Covid-19 has upended ‘normality’ and we are in shock. We have been reminded of the fleeting nature of our lives, the frailty of our institutions and the general precariousness of the human condition. This is not true for everyone of course: the minority homeless in the rich world and the majority starving in the poor world have always lived with precariousness. But Covid-19 is no respecter of persons.
Perhaps it is small wonder that many have turned to Albert Camus’s novel The Plague (1947) for some enlightenment of how to live in the face of fear and the virus-driven grim reaper. In times of plague, for Camus life is revealed as absurd, and we have only human determination to make of it what we will.
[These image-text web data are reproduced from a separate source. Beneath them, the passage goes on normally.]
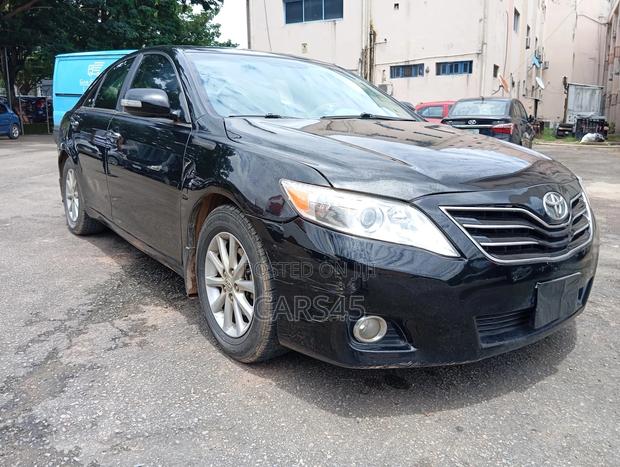 Toyota Camry 2010 Black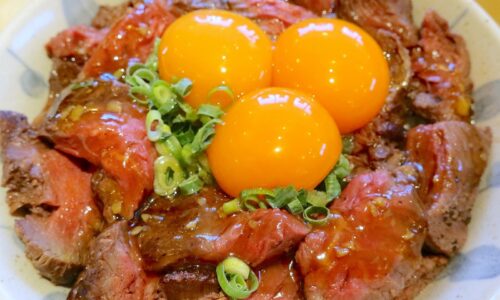 宜野湾「鳥と卵の専門店 鳥玉」のトリプル卵黄のせローストビーフ丼がいい肉加減で美味しかった！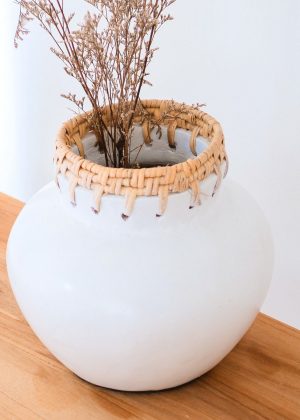 Weiße Vase – Dekovase rund – Kleine Vase für Trockenblumen – Handgefertigte Tonvase – Blumenvase aus Ton und Rattan (Ø 23 cm) TUBAN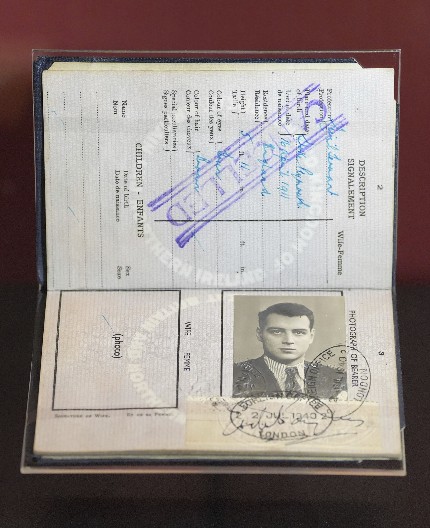 LIMUN STAR 110 GODINA, PASOŠ ŠPIJUNA I BOMBA IRA: MI5 prvi put dozvolila javnosti uvid u tajne dosijee (FOTO)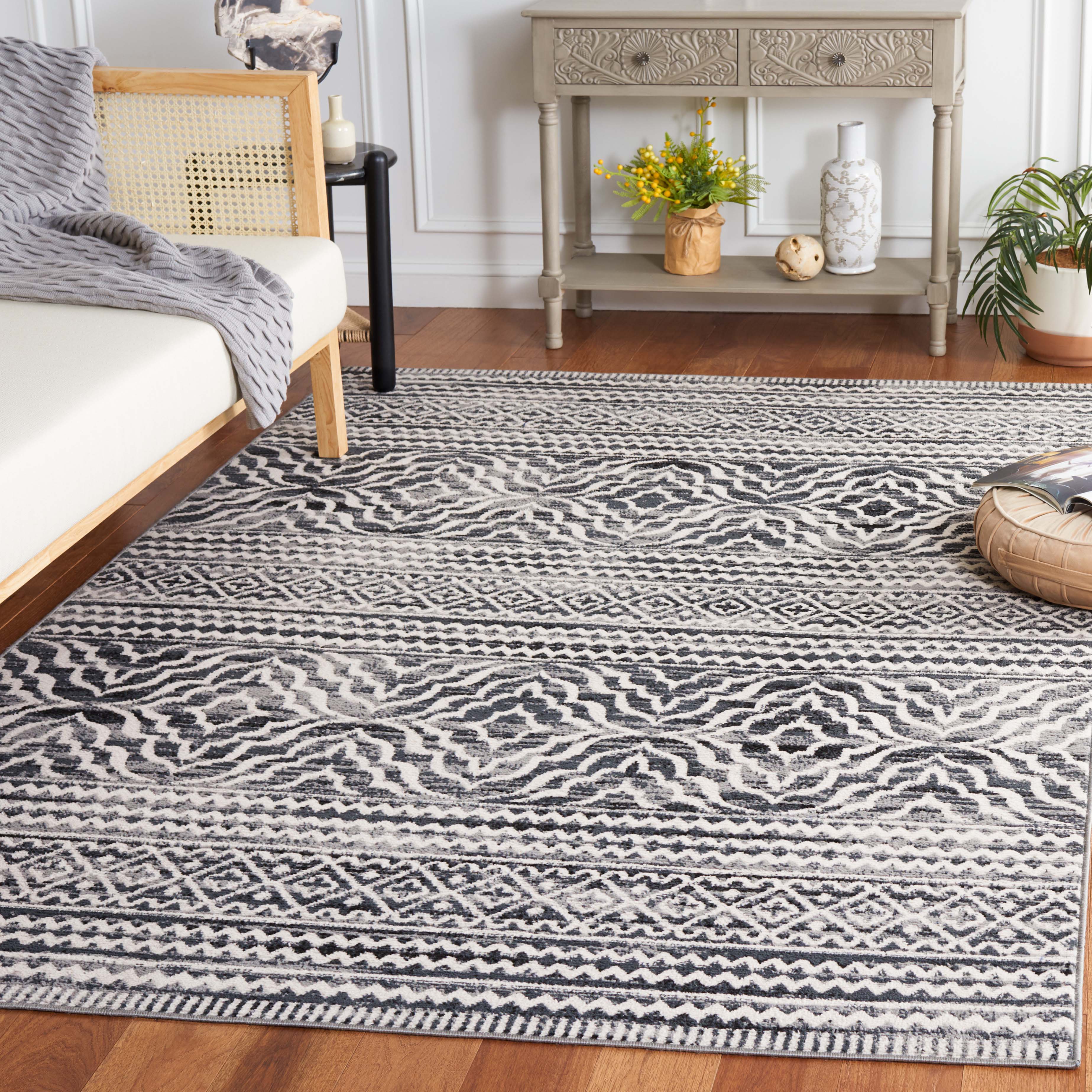 Safavieh Odyssey 852 Rug, ODY852 - Black / Ivory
The novel itself was intended to inspire people to a greater humanity: plague, said Camus, “helps men (sic) to rise above themselves.” His daughter, Catherine, now aged 74, echoing the book’s intention, said, “Perhaps with the lockdown we will have some time to reflect about what is real, what is important and become more human.”
Covid times have yielded no shortage of political reflection. Left-leaners are pleased that the state has stepped up to the plate with financial pledges to assist the economy, the health service and social care, celebratory that small-state thinking has met its nemesis; while right-leaners emphasise eventual recovery and getting back to pre-Covid normality. More soberingly, the Guardian columnist, Martin Kettle, said that “We are sailing in the dark towards an unknown future.”
Theologically, there has been little reflection on these themes, short of general episcopal encouragement to prayer and a moral reminder to look outwards in care of the vulnerable, together with some churchy agonising over the legitimacy of eucharistic liturgy online. Is it only shyness or is it that theology has little to offer in terms of practical application now that we no longer subscribe to religious interpretations of disease? God does not ‘send’ plagues, even if the myth of the escape of the ancient Israelites from Pharaoh’s bondage has 10 of them as integral to the story. The non-literal symbolism of the story as liberation, nevertheless, remains relevant.
Where is God in times of pestilence? The question of God’s presence has always been asked when human beings have felt powerless before a threat. When the ‘Honest to God’ theologian, John Robinson, preached a final sermon before his death from cancer in 1983 he declared that “God is to be found in the cancer as in everything else.” So is God to be found in the virus? Yes, Robinson would have said, and so should we. But Robinson did not mean that God had singled him out for cancer, for that would have conjured up an interventionist view of divine action. He clarified his God-in-the-cancer declaration like this: “I have discovered this experience to be one full of grace and truth. And I cannot say how grateful I am for all the love and kindness and goodness it has disclosed …” The presence of God was to be located in the human response to his condition and not in its genesis.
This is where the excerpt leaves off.